Analysis of spectral clustering algorithms for community detection: the general bipartite setting

TL;DR

This paper advances spectral clustering for community detection in bipartite networks by introducing a data-driven regularization method and analyzing its consistency across various models, including sparse graphs.

Contribution

It proposes a new regularization technique that adapts to data without unknown parameters and studies a novel spectral truncation variation, extending theoretical guarantees.

Findings

Regularization restores adjacency matrix concentration in sparse networks

Spectral truncation variation affects misclassification rates

Results extend to inhomogeneous random graphs and graphon models

Abstract

We consider spectral clustering algorithms for community detection under a general bipartite stochastic block model (SBM). A modern spectral clustering algorithm consists of three steps: (1) regularization of an appropriate adjacency or Laplacian matrix (2) a form of spectral truncation and (3) a k-means type algorithm in the reduced spectral domain. We focus on the adjacency-based spectral clustering and for the first step, propose a new data-driven regularization that can restore the concentration of the adjacency matrix even for the sparse networks. This result is based on recent work on regularization of random binary matrices, but avoids using unknown population level parameters, and instead estimates the necessary quantities from the data.
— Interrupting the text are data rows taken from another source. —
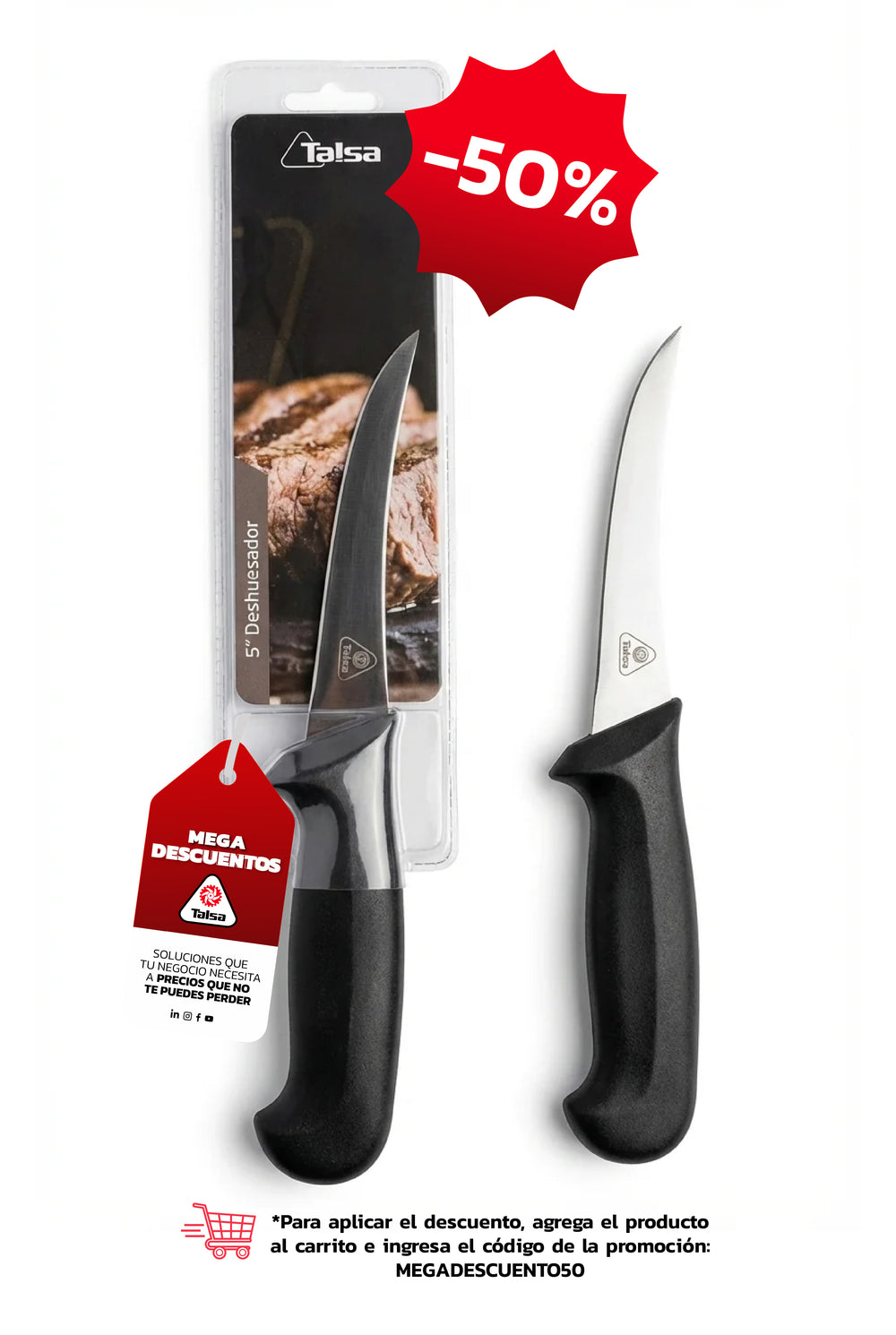 Cuchillo Deshuesador 5" Negro
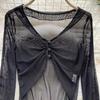 Summer Spicy Sheer Mesh Long Sleeve Cropped Top - Petite Women's Unique Design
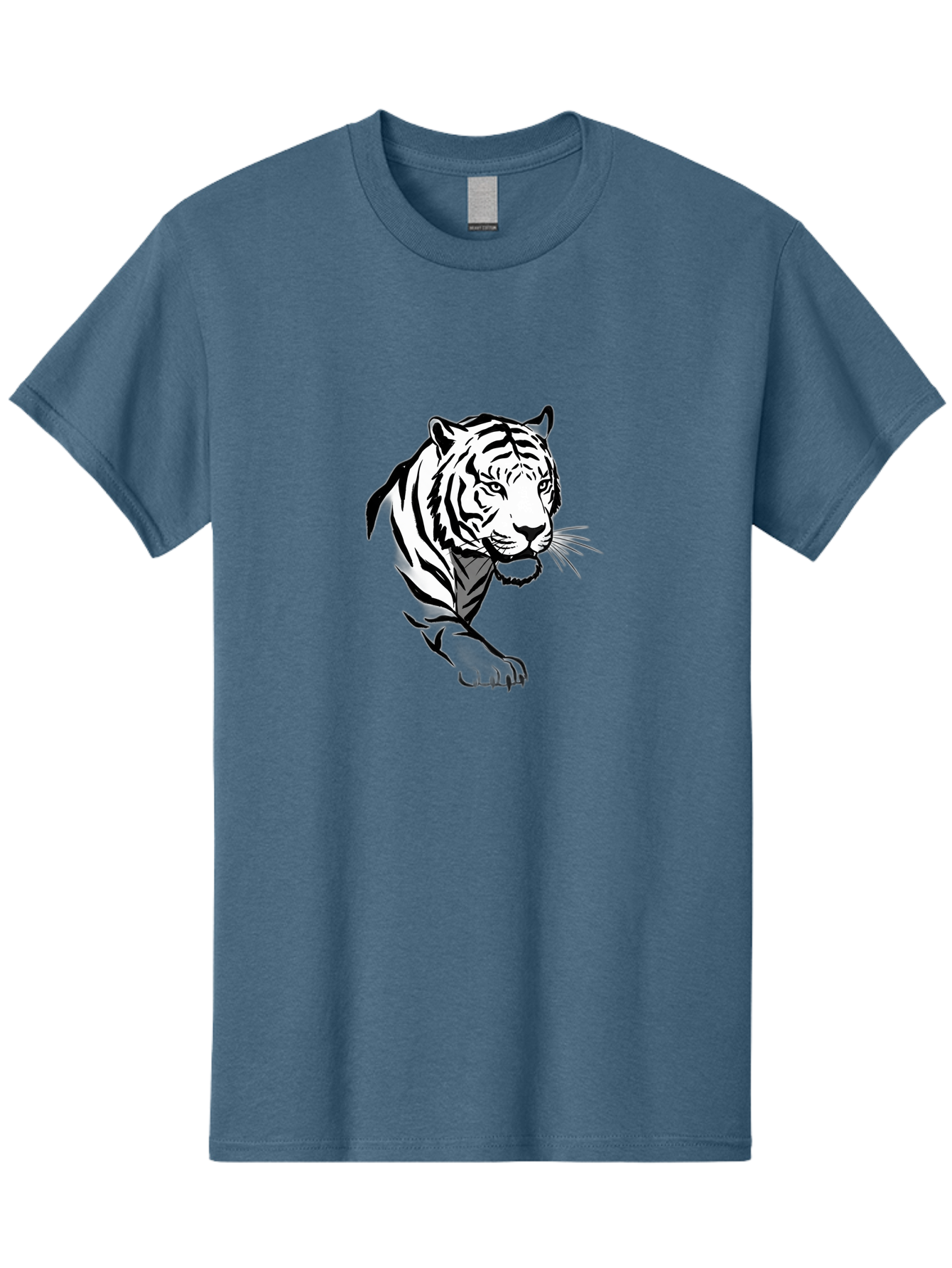 Black-And-White-Tiger Men'S Graphic Tee, 100% Cotton, Comfortable Casual Summer Wear, Machine Washable, Black And White Tiger, Tiger Head, Animal Graphics, Wildlife Art, Tiger Illustration, Bold Stripes, Fierce Expression, Cartoon Style Baa163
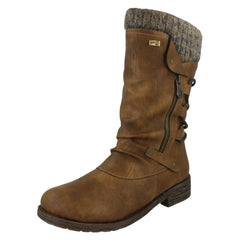 Ladies Remonte Calf High Lambswool Lined Casual Boots D8070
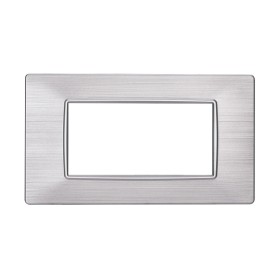 ETTROIT Placca Plastica Serie Starlight 4P Colore Silver Satinato Compatibile Con Vimar Plana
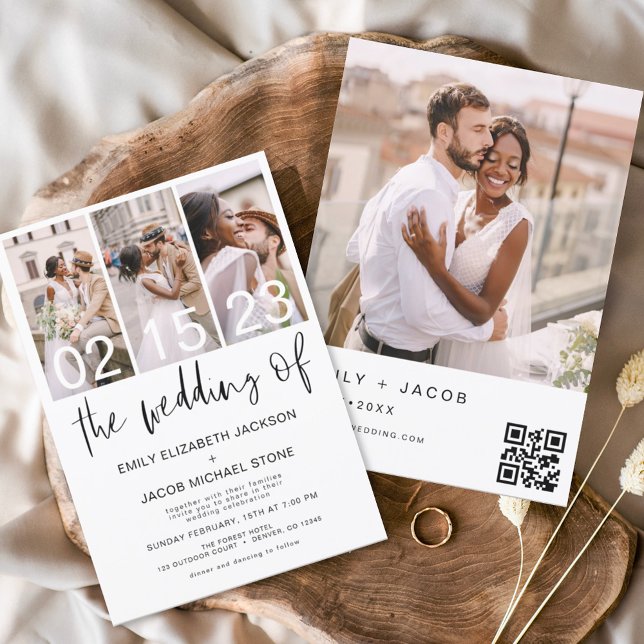 Budget QR Code Kalligrafie Einladung Hochzeit Flyer (Von Creator hochgeladen)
We also propose and study a novel variation of the spectral truncation step and show how this variation changes the nature of the misclassification rate in a general SBM. We then show how the consistency results can be extended to models beyond SBMs, such as inhomogeneous random graph models with approximate clusters, including a graphon clustering problem, as well as general sub-Gaussian biclustering. A theme of the paper is providing a better understanding of the analysis of spectral methods for community detection and establishing consistency results, under fairly general clustering models and for a wide regime of degree growths, including sparse cases where the average expected degree grows arbitrarily slowly.